- [Stored dataset items]
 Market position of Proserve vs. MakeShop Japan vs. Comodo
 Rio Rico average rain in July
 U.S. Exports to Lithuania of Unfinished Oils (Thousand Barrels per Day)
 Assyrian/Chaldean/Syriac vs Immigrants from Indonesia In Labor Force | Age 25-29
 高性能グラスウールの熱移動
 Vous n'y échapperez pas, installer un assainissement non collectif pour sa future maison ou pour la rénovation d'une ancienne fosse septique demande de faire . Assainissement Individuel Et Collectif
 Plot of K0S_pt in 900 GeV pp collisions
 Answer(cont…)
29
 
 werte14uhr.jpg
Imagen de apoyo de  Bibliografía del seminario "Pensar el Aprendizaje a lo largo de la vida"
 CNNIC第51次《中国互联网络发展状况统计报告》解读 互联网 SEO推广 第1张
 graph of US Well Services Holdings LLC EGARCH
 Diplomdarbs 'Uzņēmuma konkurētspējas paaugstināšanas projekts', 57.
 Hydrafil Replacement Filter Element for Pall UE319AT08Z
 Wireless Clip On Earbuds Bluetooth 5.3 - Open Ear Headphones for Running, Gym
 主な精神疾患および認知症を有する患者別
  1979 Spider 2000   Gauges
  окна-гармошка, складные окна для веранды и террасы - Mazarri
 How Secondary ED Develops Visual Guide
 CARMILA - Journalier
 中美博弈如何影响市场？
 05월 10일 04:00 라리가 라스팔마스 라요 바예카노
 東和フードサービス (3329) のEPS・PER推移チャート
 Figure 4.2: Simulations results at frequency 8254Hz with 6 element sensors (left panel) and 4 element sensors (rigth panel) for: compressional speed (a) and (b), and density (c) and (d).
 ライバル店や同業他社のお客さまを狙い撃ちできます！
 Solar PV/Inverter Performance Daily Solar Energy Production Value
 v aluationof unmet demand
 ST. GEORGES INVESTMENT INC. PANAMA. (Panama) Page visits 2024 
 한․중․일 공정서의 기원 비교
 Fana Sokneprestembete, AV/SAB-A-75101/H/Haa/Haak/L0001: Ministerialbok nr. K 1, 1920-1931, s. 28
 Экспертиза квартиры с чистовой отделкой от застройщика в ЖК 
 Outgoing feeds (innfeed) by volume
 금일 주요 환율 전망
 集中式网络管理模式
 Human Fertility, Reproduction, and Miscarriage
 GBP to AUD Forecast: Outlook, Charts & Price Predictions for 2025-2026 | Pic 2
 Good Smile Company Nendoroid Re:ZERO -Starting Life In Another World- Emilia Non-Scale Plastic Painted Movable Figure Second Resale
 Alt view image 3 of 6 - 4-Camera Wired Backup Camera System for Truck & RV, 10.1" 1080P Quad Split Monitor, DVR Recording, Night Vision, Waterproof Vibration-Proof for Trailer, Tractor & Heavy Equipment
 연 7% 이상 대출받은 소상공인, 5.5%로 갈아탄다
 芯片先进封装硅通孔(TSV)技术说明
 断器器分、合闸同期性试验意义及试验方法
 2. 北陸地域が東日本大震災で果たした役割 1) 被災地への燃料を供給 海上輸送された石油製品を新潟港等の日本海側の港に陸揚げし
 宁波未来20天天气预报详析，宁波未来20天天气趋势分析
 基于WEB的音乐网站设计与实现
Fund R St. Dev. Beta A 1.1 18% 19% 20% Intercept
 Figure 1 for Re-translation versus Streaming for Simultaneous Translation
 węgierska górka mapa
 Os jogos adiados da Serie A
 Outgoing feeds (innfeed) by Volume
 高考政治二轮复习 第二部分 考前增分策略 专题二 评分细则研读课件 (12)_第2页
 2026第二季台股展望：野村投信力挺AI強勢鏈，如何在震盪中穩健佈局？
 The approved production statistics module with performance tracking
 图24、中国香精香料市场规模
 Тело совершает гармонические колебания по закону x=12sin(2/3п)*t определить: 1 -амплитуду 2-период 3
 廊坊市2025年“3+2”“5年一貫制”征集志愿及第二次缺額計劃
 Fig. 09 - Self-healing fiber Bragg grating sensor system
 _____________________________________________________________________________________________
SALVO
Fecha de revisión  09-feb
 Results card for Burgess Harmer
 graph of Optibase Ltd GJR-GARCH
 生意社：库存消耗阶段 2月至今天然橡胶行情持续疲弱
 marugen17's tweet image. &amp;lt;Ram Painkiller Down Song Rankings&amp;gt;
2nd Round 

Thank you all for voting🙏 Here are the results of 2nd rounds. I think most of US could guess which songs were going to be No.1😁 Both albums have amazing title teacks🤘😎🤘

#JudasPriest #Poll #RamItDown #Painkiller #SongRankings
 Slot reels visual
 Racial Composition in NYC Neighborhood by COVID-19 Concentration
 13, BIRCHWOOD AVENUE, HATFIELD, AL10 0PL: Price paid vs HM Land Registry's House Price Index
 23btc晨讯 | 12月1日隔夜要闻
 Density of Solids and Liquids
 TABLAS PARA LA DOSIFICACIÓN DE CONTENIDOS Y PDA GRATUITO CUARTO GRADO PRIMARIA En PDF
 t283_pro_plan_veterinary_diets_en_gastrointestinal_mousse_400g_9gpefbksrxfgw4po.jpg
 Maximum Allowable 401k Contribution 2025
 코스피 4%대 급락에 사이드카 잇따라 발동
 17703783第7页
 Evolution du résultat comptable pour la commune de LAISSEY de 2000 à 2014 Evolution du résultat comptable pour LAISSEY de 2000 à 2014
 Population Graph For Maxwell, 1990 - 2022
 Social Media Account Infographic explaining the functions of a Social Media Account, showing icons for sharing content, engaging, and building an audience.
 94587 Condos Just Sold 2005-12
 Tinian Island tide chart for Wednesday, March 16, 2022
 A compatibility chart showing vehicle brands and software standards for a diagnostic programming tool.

- [GOAL OF THE EXERCISE] The lines beginning with the one that holds "23btc晨讯 | 12月1日隔夜要闻" and ending with the last line of the data above are to be reproduced exactly, and nothing else.

- [SOLUTION]
 23btc晨讯 | 12月1日隔夜要闻
 Density of Solids and Liquids
 TABLAS PARA LA DOSIFICACIÓN DE CONTENIDOS Y PDA GRATUITO CUARTO GRADO PRIMARIA En PDF
 t283_pro_plan_veterinary_diets_en_gastrointestinal_mousse_400g_9gpefbksrxfgw4po.jpg
 Maximum Allowable 401k Contribution 2025
 코스피 4%대 급락에 사이드카 잇따라 발동
 17703783第7页
 Evolution du résultat comptable pour la commune de LAISSEY de 2000 à 2014 Evolution du résultat comptable pour LAISSEY de 2000 à 2014
 Population Graph For Maxwell, 1990 - 2022
 Social Media Account Infographic explaining the functions of a Social Media Account, showing icons for sharing content, engaging, and building an audience.
 94587 Condos Just Sold 2005-12
 Tinian Island tide chart for Wednesday, March 16, 2022
 A compatibility chart showing vehicle brands and software standards for a diagnostic programming tool.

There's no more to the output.